Bloomberg issues a health warning dressed up as a fast-food menu
New but is it better?

Simple rendering of complex data

Andrew Gelman likes this line chart showing the day-by-day trend in childbirth:



Andrew makes a number of good points about this chart. Make sure you read the whole post.

One of his points concerns making the line smoother by removing the within-week fluctuations. Doing so removes the weekday/weekend effect. By removing effects that are not of interest, we can focus on effects that are interesting. The number of births on any given day is a confluence of many factors, weekday/weekend being one of them. If we don't remove some of the contributing factors, we'd have no idea which factors are more important and which are less so.


The problem of "confounding" in complex datasets is demonstrated in the heat map, which Gelman also cited, without approval:

Heatmapbirthdays1Heat maps are great for certain datasets. This isn't one of them.

The weakness of heat maps is the reliance on color scales. Most software does not allow precise mapping of numbers to colors. The color pattern is automatically generated, which is often not to our liking. Even if the colors are acceptable, it is impossible to learn anything from a heat map other than the big-picture patterns.

The big-picture pattern we find here includes summer months being most popular for births while springtime is less popular. I fail to find any consistent patterns in the rows. If this is the key message, then we can collapse the rows, and even collapse the columns into seasons.

But what is the color scale? The colors correspond to ranks. Ranks ignore the actual difference between two data points. In other words, all the drastic troughs and peaks in the line chart disappear from this heat map. There are much better ways to turn count data into discrete bins.

 Picking the right ranking scheme is the most pressing issue here. The designer ranks all 366 days in one overall ranking. This ranking serves to play up the summer bulge in births but obscures other patterns.

Alternatively, days can be ranked within each month. That would remove the month-to-month effect and highlight the day-of-the-month effect.




Feed You can follow this conversation by subscribing to the comment feed for this post.

Jon Peltier

I thought that heat map was terrible, but all the articles citing it said it was awesome.


"I fail to find any consistent patterns in the rows."

What about the 13th of each month being a low birth day? That heatmap view is one of the few ways that draws out that fact. It seems like people may be avoiding giving birth on the 13th out of superstition. There are other ways to pull out this fact, but I thought it jumped out well on the heatmap.

While it isn't noted in the author's post, since the data comes from the CDC, I expect it's for births in the United States. It's a very important fact that should be noted on the chart because of the correlations to US holidays.

Geoff Ellis

Yes, it shows the 13th low as well as the 4/5 July and 23/26 December. Must be the US .... interesting to see if public holidays in other countries show a similar trend. One thing is doesn't show are weekly patterns, which could be achieved by highlighting each Sunday for instance.

"Alternatively, days can be ranked within each month". Rather than this (is a month interval really relevant?), why not remove the smoothed value to see the weekly trends. Another view would be to stack up the weeks on top of each other.

Just goes to show that the key to exploring data is to give the user lots of different views to explore! To do this automatically is not so straightforward, but for instance an FFT would pick out the principal frequencies and views could be suggested based on this.

BTW, I wouldn't consider this as complex data!
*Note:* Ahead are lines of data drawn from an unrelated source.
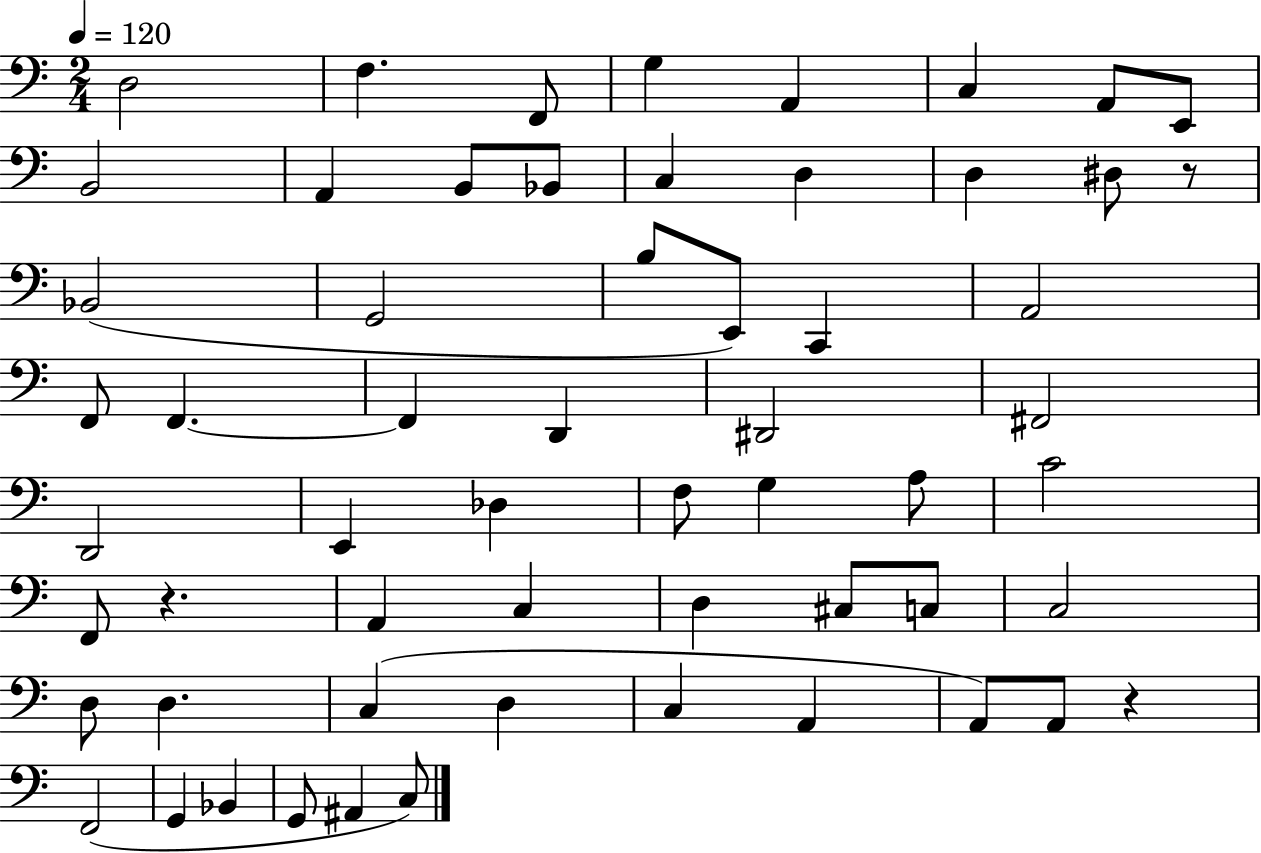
{
  \clef bass
  \numericTimeSignature
  \time 2/4
  \key c \major
  \tempo 4 = 120
  d2 | f4. f,8 | g4 a,4 | c4 a,8 e,8 | \break b,2 | a,4 b,8 bes,8 | c4 d4 | d4 dis8 r8 | \break bes,2( | g,2 | b8 e,8) c,4 | a,2 | \break f,8 f,4.~~ | f,4 d,4 | dis,2 | fis,2 | \break d,2 | e,4 des4 | f8 g4 a8 | c'2 | \break f,8 r4. | a,4 c4 | d4 cis8 c8 | c2 | \break d8 d4. | c4( d4 | c4 a,4 | a,8) a,8 r4 | \break f,2( | g,4 bes,4 | g,8 ais,4 c8) | \bar "|."
}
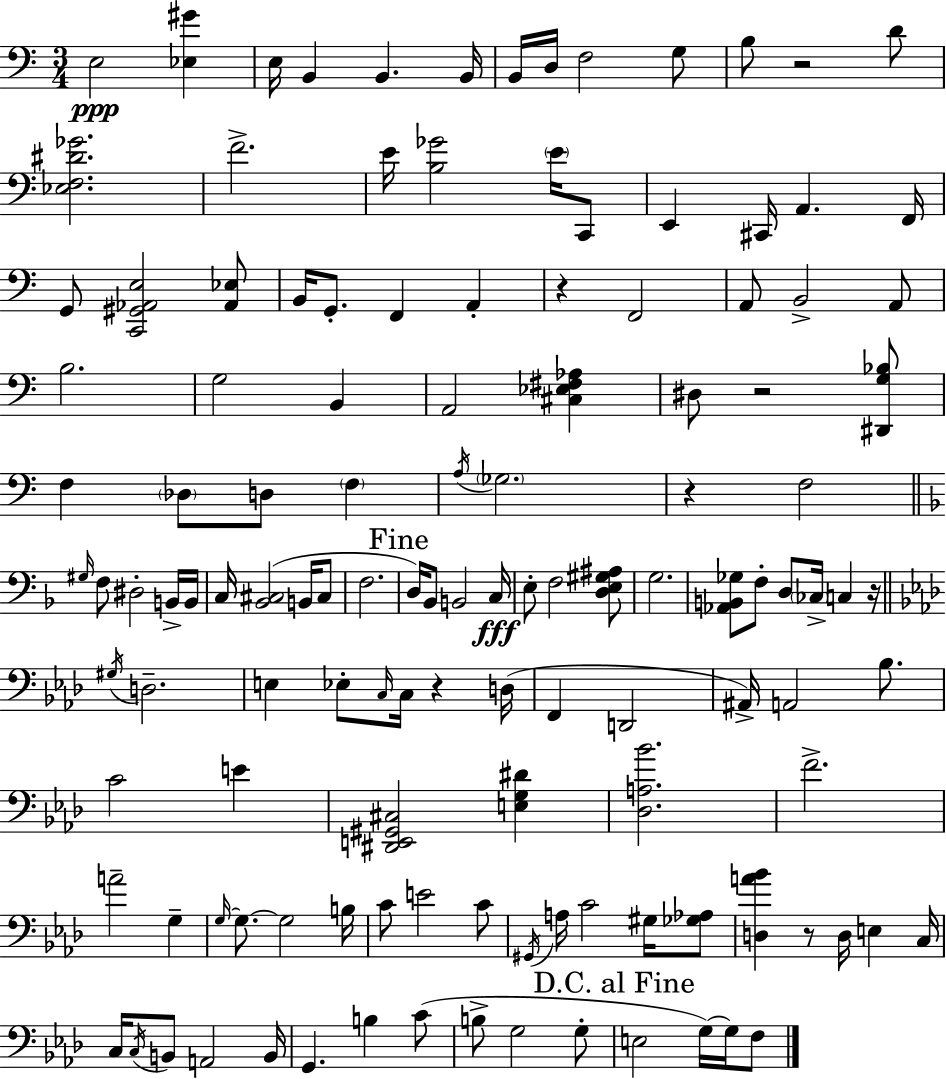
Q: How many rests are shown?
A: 7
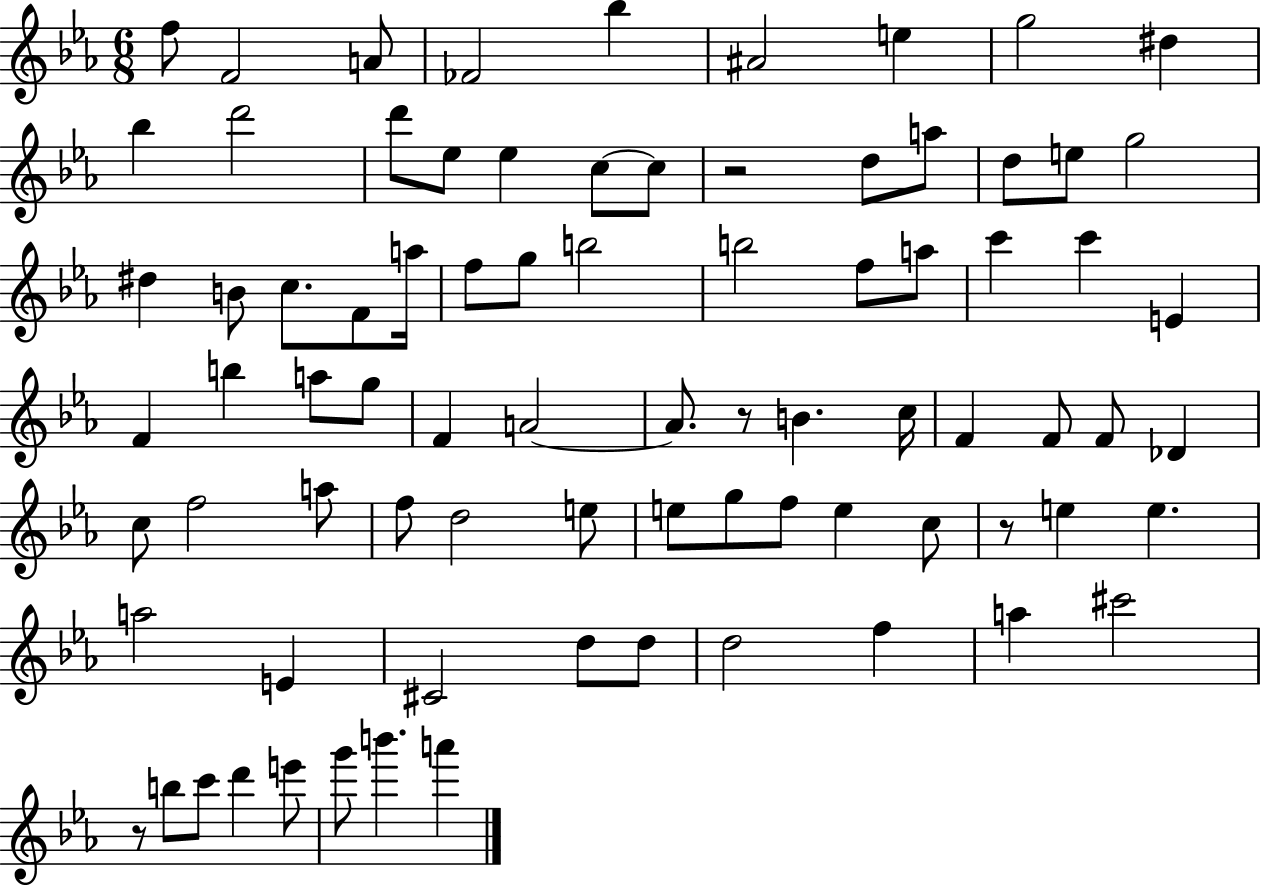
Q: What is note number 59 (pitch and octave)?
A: C5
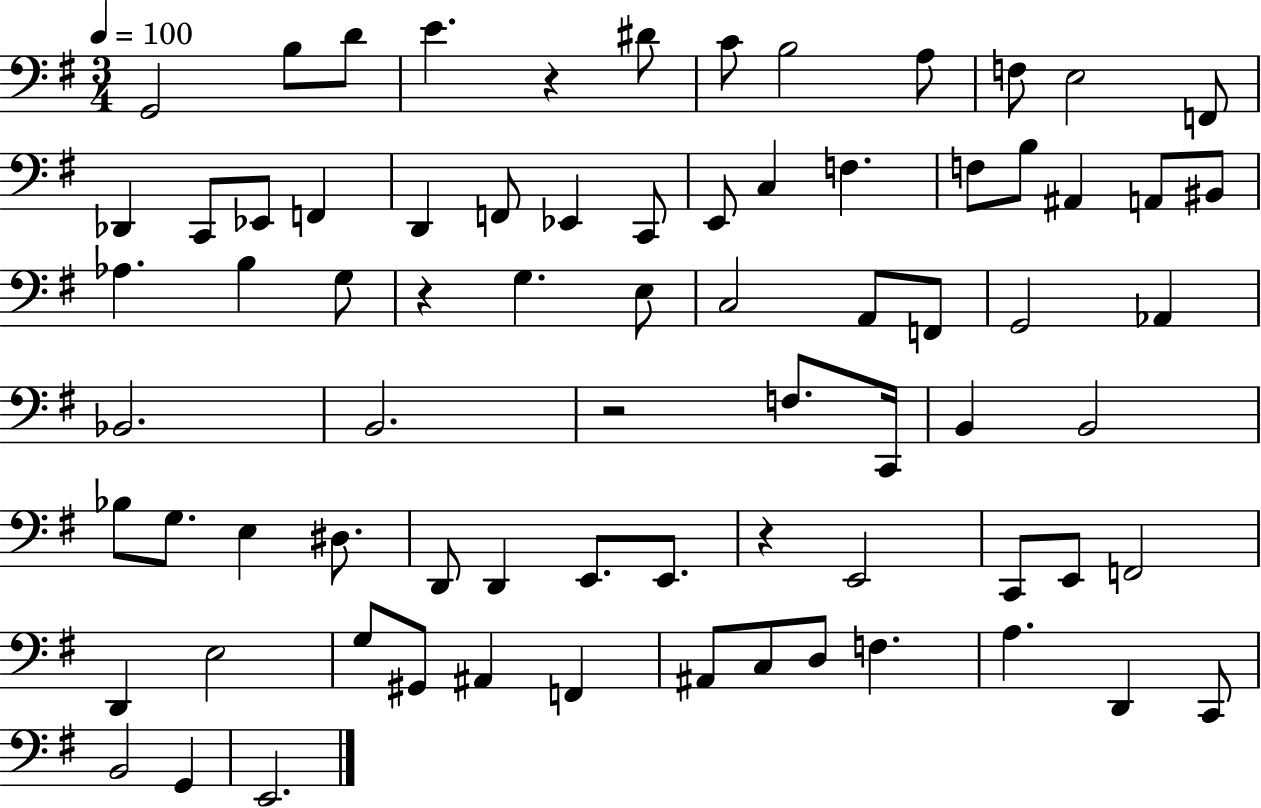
X:1
T:Untitled
M:3/4
L:1/4
K:G
G,,2 B,/2 D/2 E z ^D/2 C/2 B,2 A,/2 F,/2 E,2 F,,/2 _D,, C,,/2 _E,,/2 F,, D,, F,,/2 _E,, C,,/2 E,,/2 C, F, F,/2 B,/2 ^A,, A,,/2 ^B,,/2 _A, B, G,/2 z G, E,/2 C,2 A,,/2 F,,/2 G,,2 _A,, _B,,2 B,,2 z2 F,/2 C,,/4 B,, B,,2 _B,/2 G,/2 E, ^D,/2 D,,/2 D,, E,,/2 E,,/2 z E,,2 C,,/2 E,,/2 F,,2 D,, E,2 G,/2 ^G,,/2 ^A,, F,, ^A,,/2 C,/2 D,/2 F, A, D,, C,,/2 B,,2 G,, E,,2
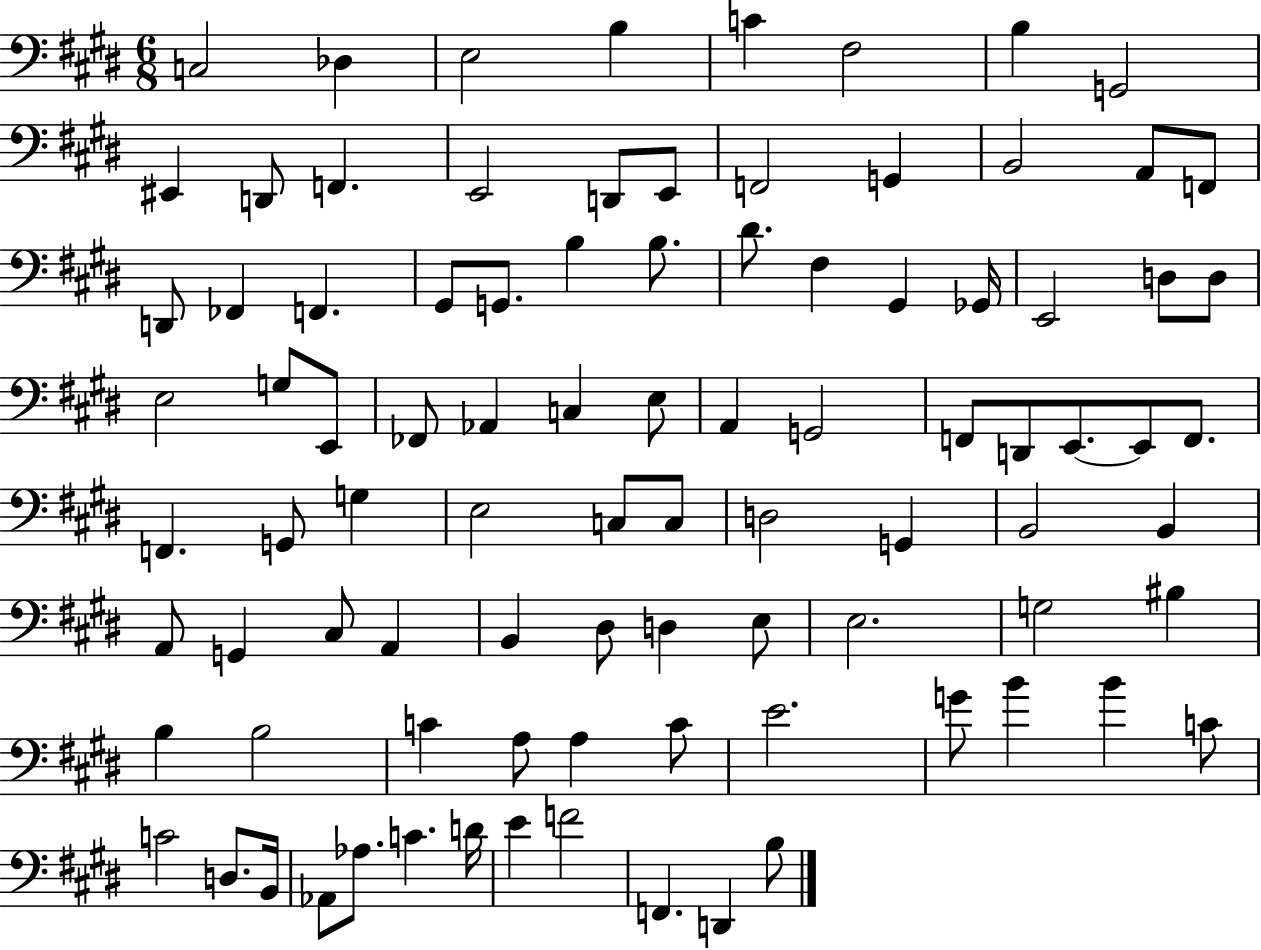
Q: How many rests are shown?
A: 0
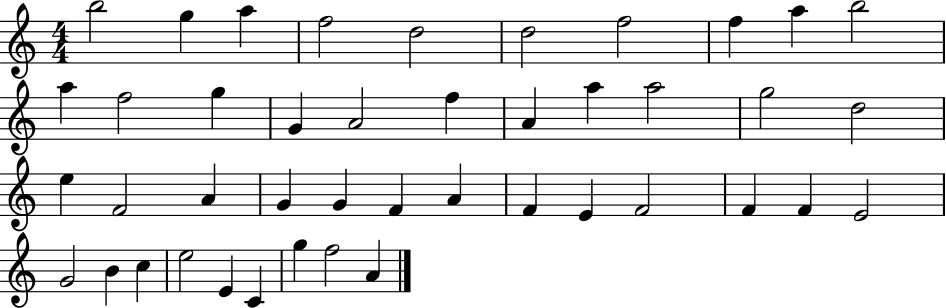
B5/h G5/q A5/q F5/h D5/h D5/h F5/h F5/q A5/q B5/h A5/q F5/h G5/q G4/q A4/h F5/q A4/q A5/q A5/h G5/h D5/h E5/q F4/h A4/q G4/q G4/q F4/q A4/q F4/q E4/q F4/h F4/q F4/q E4/h G4/h B4/q C5/q E5/h E4/q C4/q G5/q F5/h A4/q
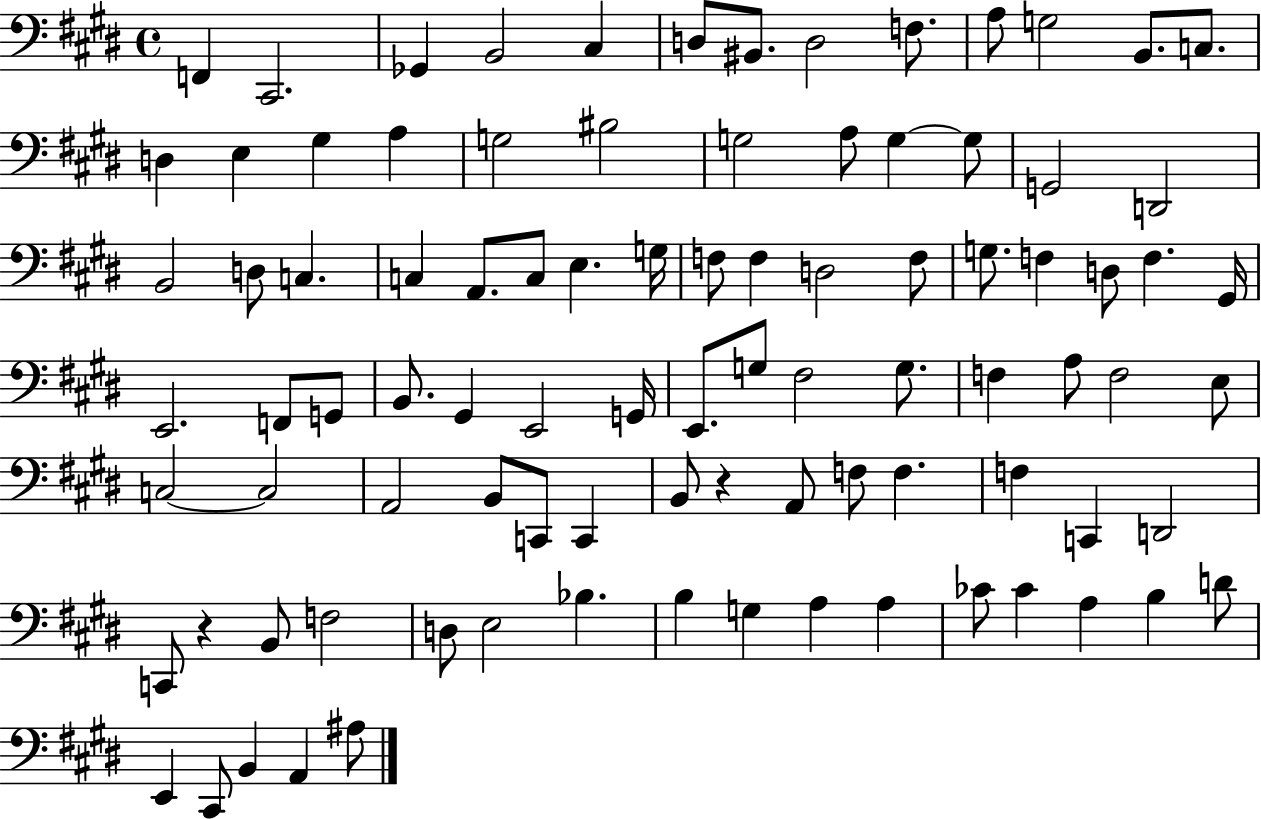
{
  \clef bass
  \time 4/4
  \defaultTimeSignature
  \key e \major
  \repeat volta 2 { f,4 cis,2. | ges,4 b,2 cis4 | d8 bis,8. d2 f8. | a8 g2 b,8. c8. | \break d4 e4 gis4 a4 | g2 bis2 | g2 a8 g4~~ g8 | g,2 d,2 | \break b,2 d8 c4. | c4 a,8. c8 e4. g16 | f8 f4 d2 f8 | g8. f4 d8 f4. gis,16 | \break e,2. f,8 g,8 | b,8. gis,4 e,2 g,16 | e,8. g8 fis2 g8. | f4 a8 f2 e8 | \break c2~~ c2 | a,2 b,8 c,8 c,4 | b,8 r4 a,8 f8 f4. | f4 c,4 d,2 | \break c,8 r4 b,8 f2 | d8 e2 bes4. | b4 g4 a4 a4 | ces'8 ces'4 a4 b4 d'8 | \break e,4 cis,8 b,4 a,4 ais8 | } \bar "|."
}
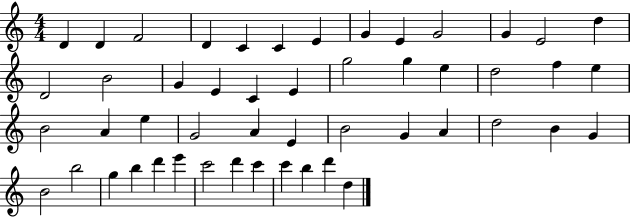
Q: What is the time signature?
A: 4/4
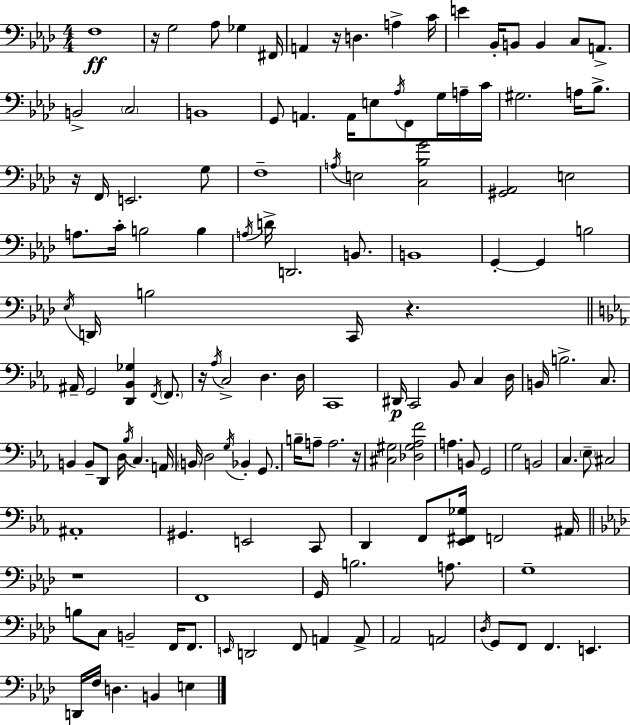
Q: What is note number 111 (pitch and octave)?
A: F2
If the downward spikes were reliably on one day of the week (as the Thanksgiving one is) I'd suggest fifty two weeks plotted seven times, once for each week day. But the other patterns don't fall on week days, so instead I suggest two plots of fifty two weeks each, one being the median of seven days, and the minimum of those same seven days. The weekly minimum will be e.g. Christmas day whichever week day it's on.

Alternatively, a year starting on the first weekday after 1 March should allow you to line up the seven days without smearing, even in a leap year. That would also solve the problem where 1 January is getting a raw deal by being on the left with no December figures for comparison. But Thanksgiving risks being smeared a little, or doubled at least. Can't be helped.

all good points about the heat map use for this visualization. thanks for this post.

at first glance, i thought the heat map was nice. but then having seen the simple line chart, the heat map does become very one dimensional. it loses out on being able to show the significant dips/spikes, which seems to me to be one of the most important findings here.

@derek thanks for sharing your thoughts on plotting. very informative and helpful. tnx!

3d rendering

I was very happy as I discovered this website. I needed to thank you for this excellent information! And I have bookmarked your blog to read. Many thanks

3d rendering services

This is readable and Nice blog post. a good lesson it have, Thank you very much..

The comments to this entry are closed.